De acordo com a Agência Senado, diante da pandemia do novo coronavírus, vários governos estaduais e municipais decretaram a suspensão das atividades presenciais nas escolas. Pensando nesse cenário, o senador Rogério Carvalho (PT-SE) apresentou o Projeto de Lei n° 1.163/2020, que obriga as instituições de ensino fundamental e médio da rede privada a reduzirem as suas mensalidades em, no mínimo, 30%. Incluindo também as faculdades particulares, iniciativas  no mesmo sentido tramitam nas assembléias legislativas do Rio de Janeiro e do Amazonas.

Em sua contribuição na audiência, Alessandra disse que, na condição de presidente da Comissão da Mulher, da Família e do Idoso da Assembleia,  está defendendo algum tipo de benefício ou desconto para os consumidores enquanto as aulas estiverem suspensas.

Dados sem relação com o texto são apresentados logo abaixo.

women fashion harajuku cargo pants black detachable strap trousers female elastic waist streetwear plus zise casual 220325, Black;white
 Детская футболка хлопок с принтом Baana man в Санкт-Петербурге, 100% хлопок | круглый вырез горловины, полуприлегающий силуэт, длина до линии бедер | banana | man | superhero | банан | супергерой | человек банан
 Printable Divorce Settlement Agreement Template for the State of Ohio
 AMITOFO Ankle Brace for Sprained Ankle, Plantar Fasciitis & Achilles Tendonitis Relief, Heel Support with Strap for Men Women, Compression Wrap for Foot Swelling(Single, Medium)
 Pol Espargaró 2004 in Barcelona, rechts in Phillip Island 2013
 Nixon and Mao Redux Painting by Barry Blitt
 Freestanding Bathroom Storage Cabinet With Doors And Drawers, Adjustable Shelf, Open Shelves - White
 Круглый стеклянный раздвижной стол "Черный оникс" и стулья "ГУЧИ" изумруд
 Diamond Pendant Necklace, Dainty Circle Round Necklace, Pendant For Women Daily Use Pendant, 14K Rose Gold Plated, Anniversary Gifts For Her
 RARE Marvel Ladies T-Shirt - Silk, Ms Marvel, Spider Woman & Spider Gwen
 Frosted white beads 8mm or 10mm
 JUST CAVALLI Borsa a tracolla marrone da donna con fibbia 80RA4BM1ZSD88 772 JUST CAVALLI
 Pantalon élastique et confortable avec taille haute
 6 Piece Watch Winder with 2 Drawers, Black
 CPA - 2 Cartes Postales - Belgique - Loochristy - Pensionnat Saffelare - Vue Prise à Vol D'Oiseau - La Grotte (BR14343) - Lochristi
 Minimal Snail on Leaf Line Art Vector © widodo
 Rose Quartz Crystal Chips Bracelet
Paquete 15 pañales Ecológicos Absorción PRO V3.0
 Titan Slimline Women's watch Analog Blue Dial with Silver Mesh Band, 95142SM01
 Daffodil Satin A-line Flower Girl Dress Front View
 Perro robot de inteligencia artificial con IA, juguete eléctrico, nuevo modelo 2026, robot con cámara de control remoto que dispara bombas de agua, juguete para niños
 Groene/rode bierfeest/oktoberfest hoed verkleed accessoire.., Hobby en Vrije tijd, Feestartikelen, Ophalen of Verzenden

Entretanto, a deputada pediu equilíbrio no debate para que sejam analisadas as peculiaridades de cada instituição de ensino privada e só então se chegue a algum acordo entre todas as partes para minimizar os prejuízos da população.

“Os empresários e o poder público precisam chegar a uma solução que seja benéfica para a população, mas que garanta o emprego, o trabalho desses funcionários, e que garanta a sobrevivência dessas escolas porque senão essas escolas não vão estar mais disponíveis quando a pandemia acabar se a gente sair aqui destruindo empregos”, disse Alessandra.

A vice-presidente ressaltou que a Assembleia, por meio das comissões de Defesa do Consumidor e de Educação, juntamente com os demais órgãos terão um papel fundamental na discussão do modelo que garantirá algum tipo de desconto nas mensalidades.

“Vai dar trabalho, mas paciência, o nosso papel enquanto agente público nesse momento é esse, e mesmo que seja de casa, é trabalhar para mediar uma solução. A gente precisa ter regras claras do que vai ser levado em consideração, e eu acho que o Procon, a DPE, o MPE, a nossa comissão de Educação e de Defesa do Consumidor têm como discutir um modelo que sirva para garantir descontos para os pais e também que garanta que não haverá demissões”, ponderou Alessandra.